Start of Block

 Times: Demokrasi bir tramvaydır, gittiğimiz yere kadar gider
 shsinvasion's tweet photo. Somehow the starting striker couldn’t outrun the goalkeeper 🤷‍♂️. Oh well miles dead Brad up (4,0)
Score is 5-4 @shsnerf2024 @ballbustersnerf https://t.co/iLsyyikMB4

End of Block

• [What you need to do] The whole block of data above should be printed again verbatim.

• [Result of the task]
 Times: Demokrasi bir tramvaydır, gittiğimiz yere kadar gider
 shsinvasion's tweet photo. Somehow the starting striker couldn’t outrun the goalkeeper 🤷‍♂️. Oh well miles dead Brad up (4,0)
Score is 5-4 @shsnerf2024 @ballbustersnerf https://t.co/iLsyyikMB4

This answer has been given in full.